**WHAT THE TASK ASKS**
Look below for the line with "Hotel Livemax Budget Kobe". Retype it and every line after it to the end, exactly, but leave out the pictures.

Top of DATA SEGMENT

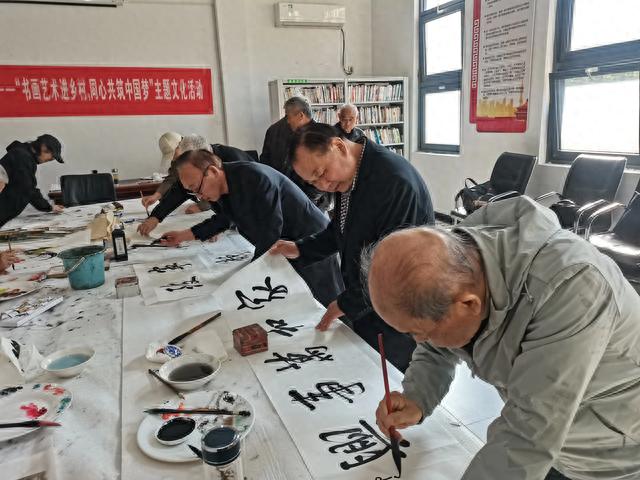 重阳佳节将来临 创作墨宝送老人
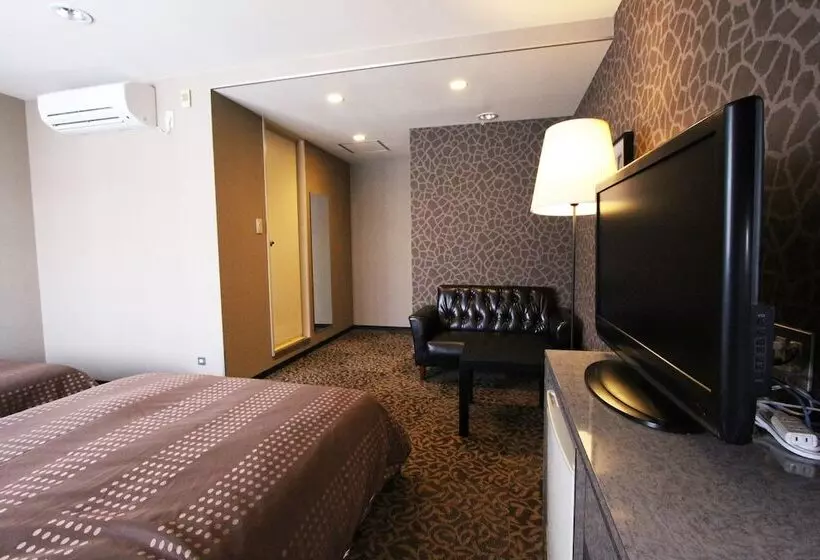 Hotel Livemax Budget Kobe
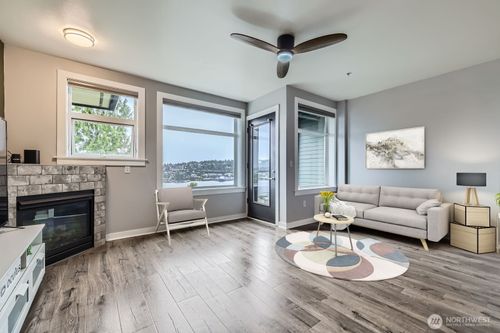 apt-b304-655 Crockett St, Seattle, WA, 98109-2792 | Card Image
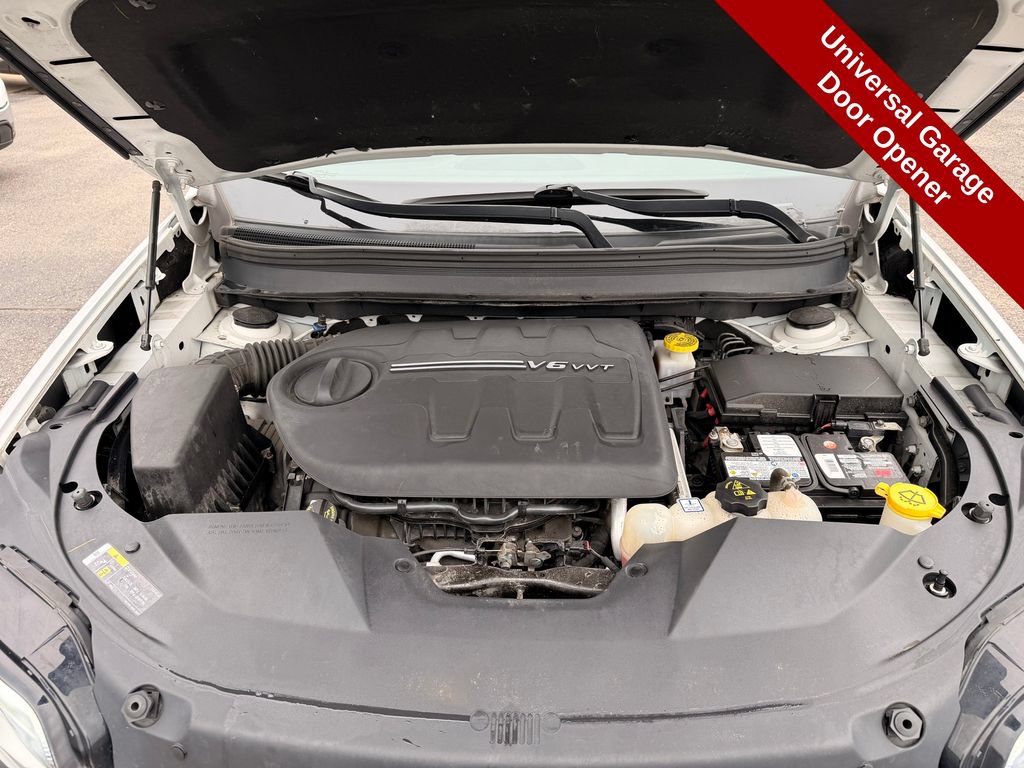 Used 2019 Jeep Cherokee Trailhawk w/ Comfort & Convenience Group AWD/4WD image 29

Bottom of DATA SEGMENT

**ANSWER TO THE PROBLEM**
 Hotel Livemax Budget Kobe
 apt-b304-655 Crockett St, Seattle, WA, 98109-2792 | Card Image
 Used 2019 Jeep Cherokee Trailhawk w/ Comfort & Convenience Group AWD/4WD image 29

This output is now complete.